Представляет определенный интерес вопрос о том, почему просвещенный человек, интересы которого явно не связаны с какой-либо политической программой, предполагающей расширение государственных расходов или выравнивание доходов, тем не менее проявляет внимание к этой теме. Мышление коммивояжеров, присущее этой стране, а также двадцатилетний опыт, предшествующий войне, - вот все объяснение, которое я могу дать тому удивительному факту, что данная теория просто не осмеяна в силу ее полной несостоятельности.

Те оппоненты теории стагнации, которые стремятся доказать, что валовой национальный продукт и, следовательно, доход будет ниже, а инвестиционные возможности - выше, чем это предполагают сторонники данной теории, оптимистичные в первом случае и пессимистичные - во втором, упускают главное. Правда, в их аргументации много справедливого. В частности, можно подчеркнуть, что в 1830 г. никто не предвидел или не мог предвидеть спрос па капитал эры железных дорог или 50 лет спустя - спрос на капитал эры электричества. И все же решающий аргумент гораздо проще всех прочих.

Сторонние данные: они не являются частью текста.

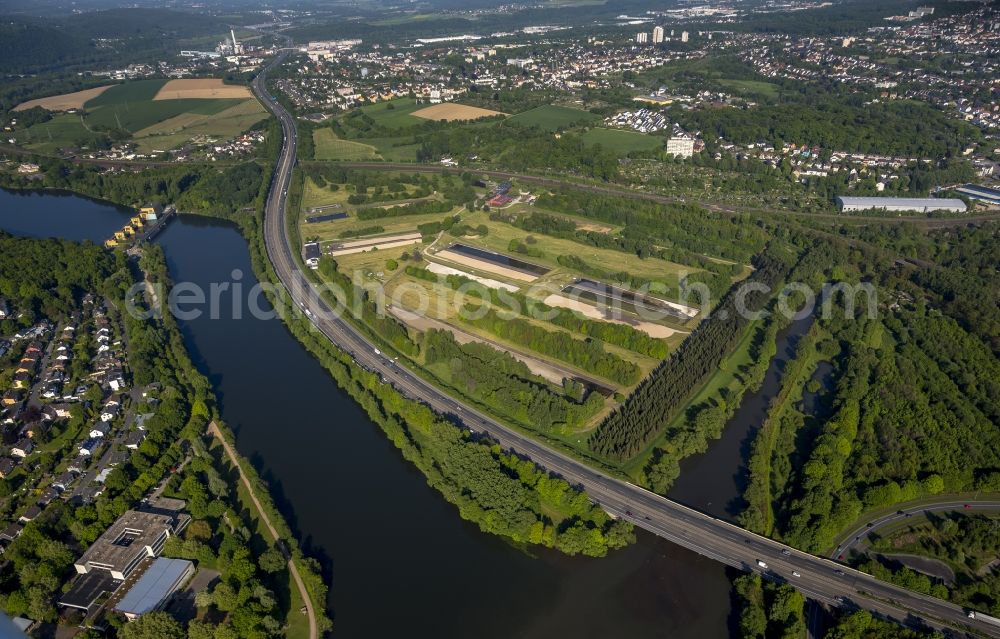 Herdecke from the bird's eye view: River Ruhr at the power plant pin mill with pool Herdecke in Herdecke in North Rhine-Westphalia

Теория стагнации покоится на постулате, согласно которому индивид сберегает в соответствии с устойчивым психологическим законом [Этот психологический закон говорит, что расходы общества на потребление С (а следовательно, и величина сбережений S, которую оно желает иметь) зависят от национального дохода Y, причем таким образом, что когда Y увеличивается на dУ, С возрастает на dС < dY, или dC/dY < 1. Таково существо Кейнсианской гипотезы, известной под названием потребительской функции. Но сам Кейнс иногда, а его последователи довольно часто использовали более строгую предпосылку, согласно которой по мере роста дохода процентная доля сбережений возрастает. Нас здесь интересует только основная гипотеза. Следует, однако, заметить, что называть ее психологическим законом неверно. Психологический закон в применении к экономической теории-это звучит в лучшем случае сомнительно. Однако указанная предпосылка в той же степени не заслуживает этого наименования, как и, например, предположение о том, что интенсивность нашего желания получить еще один ломоть хлеба снижается по мере того, как мы съедаем все большее количество ломтей.], независимо от наличия или отсутствия инвестиционных возможностей. Очевидно, что это нельзя назвать нормальным случаем. Обычно люди сберегают в ожидании некоторого дохода в денежной форме или в форме услуг каких-то "инвестиционных благ". Дело не только в том, что основная часть индивидуальных сбережений - и, конечно, практически все сбережения бизнеса, которые составляют большую часть сбережений, - осуществляется с намерением куда-то их инвестировать. Как правило, решение инвестировать и очень часто сам акт инвестирования предшествуют сбережению. Даже в случаях, когда человек сберегает, не имея определенных инвестиционных намерений, любое промедление в принятии инвестиционного решения наказывается потерей дохода в течение этого периода. Отсюда, по-видимому, следует, что, во-первых, пока люди не видят инвестиционных возможностей, они обычно и не сберегают, и потому в период, когда исчезают инвестиционные возможности, исчезают и сбережения; и, во-вторых, всякий раз, когда мы видим, что люди обнаруживают "предпочтение ликвидности" (стремление к тезаврации), т.е. желание сберегать, не желая при этом инвестировать, то это следует объяснять особыми причинами, а не каким-то психологическим законом, постулируемым ad hoc.